With the ouster of President Hosni Mubarak, a staunch American ally, the contours of the U.S.-Egyptian relationship may well be redrawn. Analysts say a more democratic Egyptian government will have to be responsive to a public that may oppose such special and close ties with Washington.
Moreover, the Muslim Brotherhood is likely to gain influence if free and fair elections are held, analysts say. The Islamist group has renounced violence but is openly hostile to Israel and may call for more independence from U.S. policies.
"How will cooperation with the United States on counterterrorism develop in the view of these new constraints? I would argue the space will contract," said Aaron David Miller, a former State Department Middle East expert who is now at the Woodrow Wilson International Center for Scholars.
Some U.S. officials and analysts say they are not overly worried, noting the continued strong role of the Egyptian military and the fact that the United States gives Egypt more than $1.3 billion a year in military aid. Robert Grenier, the former head of the CIA's counterterrorism center, said, "The Egyptians have as much interest in protecting themselves from violent extremism as everyone else."

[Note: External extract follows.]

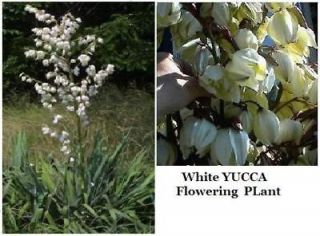 HARDY WILD WHITE YUCCA ORNAMENTAL PLANT SHRUB HUGE CLUSTERS OF FLOWERS 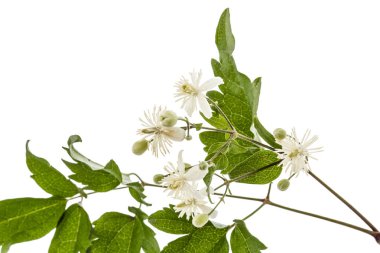 Çiçekler ve yapraklar akasma, lat. Clematis vitalba L., isolat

But with a new government, "the comfort level with the United States may not be so high. They will be more distrusting," in part because of past U.S. efforts to prop up autocratic regimes, Grenier said.
Egypt's intelligence cooperation is extensive. Its security services have numerous sources in places where the U.S. government does not, such as Gaza and Sudan, according to analysts.
And the Egyptians have built up a trove of information on al-Qaeda and other radical Islamist groups in the Middle East. The Egyptian General Intelligence Service "has the reputation of being one of the best-informed intelligence agencies on Islamist fundamentalism and its international dimensions," according to Jane's intelligence information service.
Bruce Hoffman, a terrorism expert at Georgetown University, noted that during the Cold War, the United States had a window into the Soviet Union through Iran, then a strong U.S. ally.
"We have the same kind of window into Iran and other countries via the Egyptians," he said. "Whatever happens next, this will never be the same."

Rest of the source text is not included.